30th July 2020
AI can spot prostate cancer with almost 100% accuracy
A new AI algorithm developed by the University of Pittsburgh has achieved the highest accuracy to date in identifying prostate cancer, with 98% sensitivity and 97% specificity.
A study published this week in The Lancet Digital Health by University of Pittsburgh researchers demonstrates the highest accuracy to date in recognising and characterising prostate cancer using an artificial intelligence (AI) program.
"Humans are good at recognising anomalies, but they have their own biases or past experience," said Rajiv Dhir, Professor of Biomedical Informatics at Pitt. "Machines are detached from the whole story. There's definitely an element of standardising care."
To train the AI to recognise prostate cancer, Dhir and his colleagues provided images from more than a million parts of stained tissue slides taken from patient biopsies. Expert pathologists labelled each image to teach the AI how to discriminate between healthy and abnormal tissue. The algorithm was then tested on a separate set of 1,600 slides from 100 consecutive patients, seen at the University of Pittsburgh Medical Center (UPMC) for suspected prostate cancer.

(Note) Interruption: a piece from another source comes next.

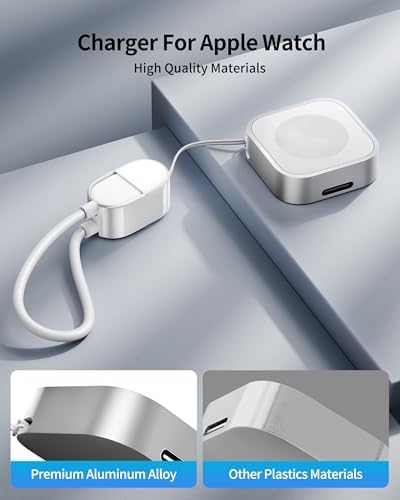 Dual-Function Magnetic USB-C Charging Cable for Apple Watch – Efficient Fast Charging for i Watch Ultra, SE, and Series 10-3 – The Ultimate Travel Essential for Camping, Cruising, and Vacations – Lightweight, Durable Design Ensures Seamless On-the-Go Power Solutions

During testing, the AI demonstrated 98% sensitivity and 97% specificity at detecting prostate cancer – significantly higher than previously reported for algorithms working from tissue slides.
Also, this is the first algorithm to extend beyond cancer detection, reporting high performance for tumour grading, sizing and invasion of the surrounding nerves. These are all clinically important features, required as part of the pathology report.
The AI flagged six slides that were missed by the expert pathologists. However, Professor Dhir explains that this does not necessarily mean that the machine is superior to humans. For example, while evaluating these cases, a pathologist could have simply seen enough evidence of malignancy elsewhere in that patient's samples to recommend treatment. For less experienced pathologists, though, the algorithm could act as a failsafe to catch cases that might otherwise be missed.
"Algorithms like this are especially useful in lesions that are atypical," Dhir said. "A non-specialised person may not be able to make the correct assessment. That's a major advantage of this kind of system."
While these results are promising, Dhir cautions that new algorithms will have to be trained to detect different types of cancer. The pathology markers are not universal across all tissue types. But he believes this technology could be adapted to work with breast cancer, for example.